__Problem details__.
Pictures are to be omitted. Output only the lines from the one containing "NIB | JEFFREY" through the end of the data, word for word.

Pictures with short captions
------------------------------------------------------------------------
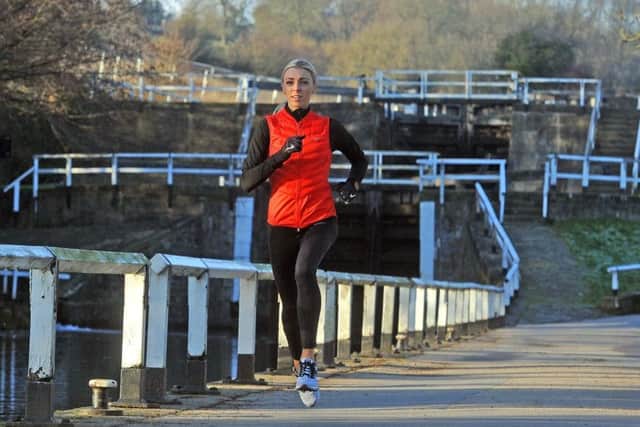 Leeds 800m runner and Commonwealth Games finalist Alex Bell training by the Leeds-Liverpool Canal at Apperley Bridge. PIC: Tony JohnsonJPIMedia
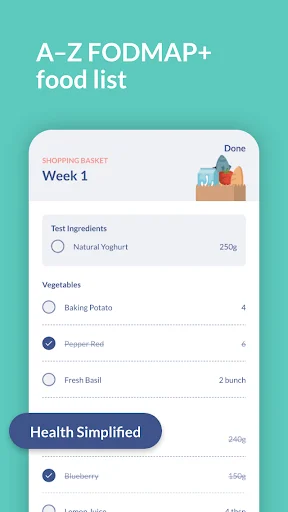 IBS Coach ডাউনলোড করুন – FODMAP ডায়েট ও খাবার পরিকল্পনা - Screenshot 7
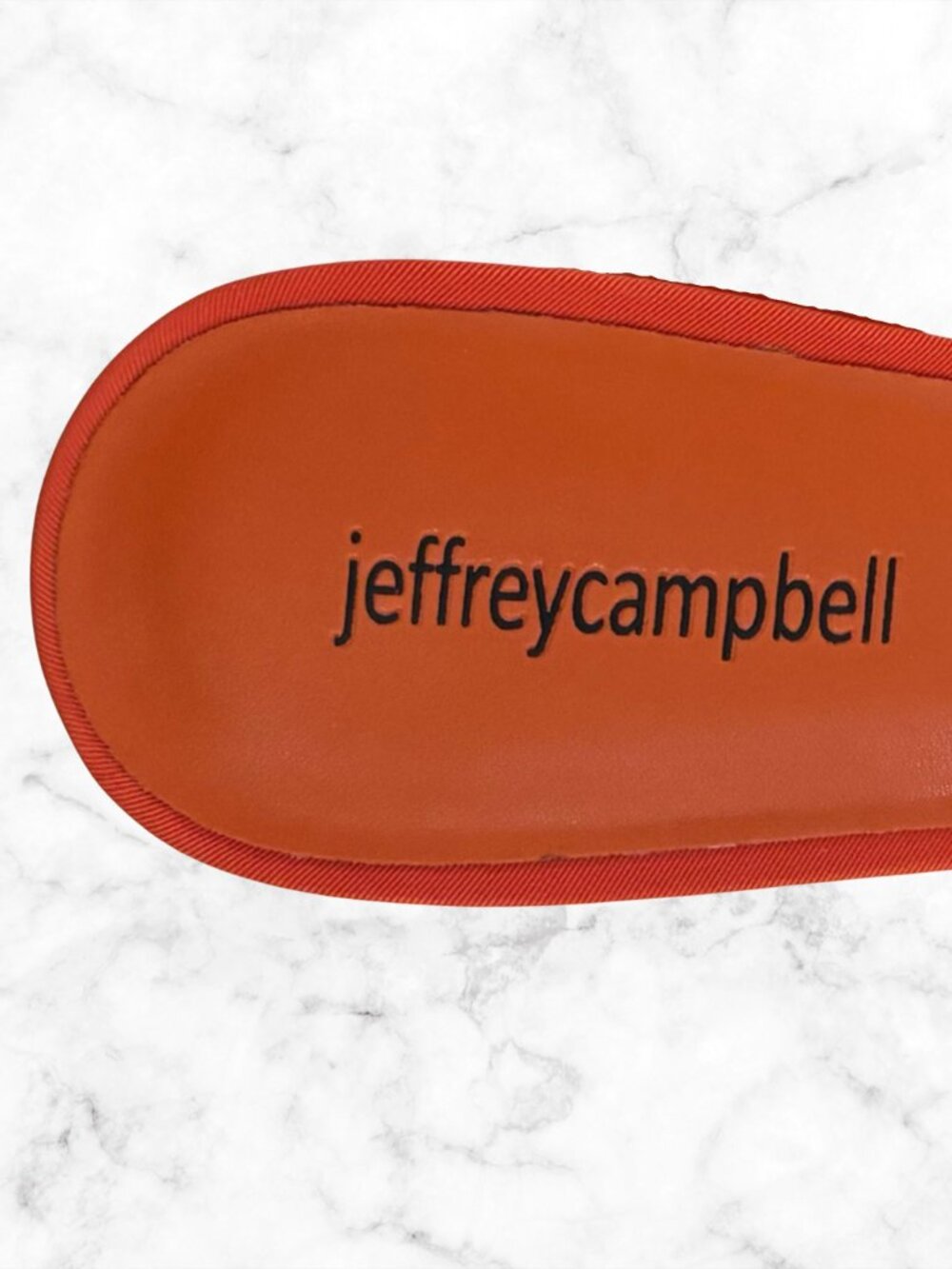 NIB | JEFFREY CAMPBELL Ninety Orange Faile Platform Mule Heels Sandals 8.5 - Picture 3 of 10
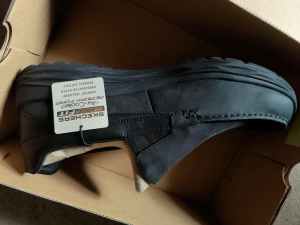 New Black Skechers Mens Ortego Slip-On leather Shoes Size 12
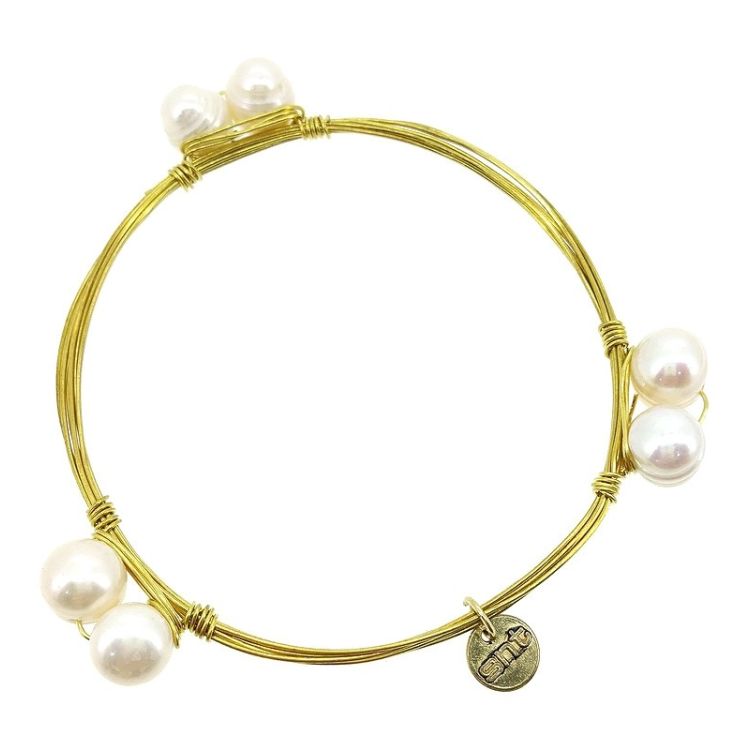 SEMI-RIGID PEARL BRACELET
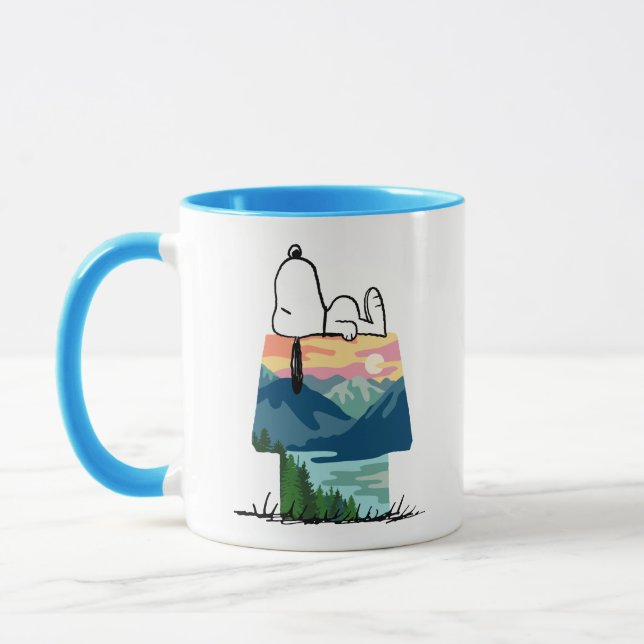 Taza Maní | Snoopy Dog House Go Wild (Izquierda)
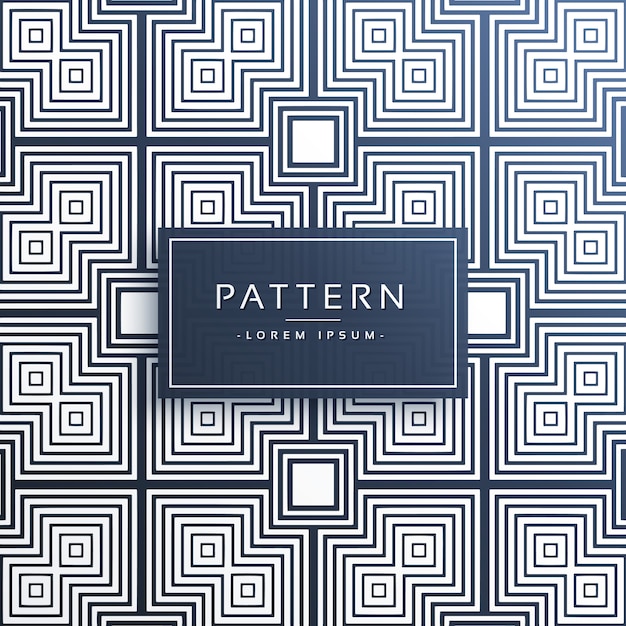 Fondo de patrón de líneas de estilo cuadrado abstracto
------------------------------------------------------------------------
__Task output__.
 NIB | JEFFREY CAMPBELL Ninety Orange Faile Platform Mule Heels Sandals 8.5 - Picture 3 of 10
 New Black Skechers Mens Ortego Slip-On leather Shoes Size 12
 SEMI-RIGID PEARL BRACELET
 Taza Maní | Snoopy Dog House Go Wild (Izquierda)
 Fondo de patrón de líneas de estilo cuadrado abstracto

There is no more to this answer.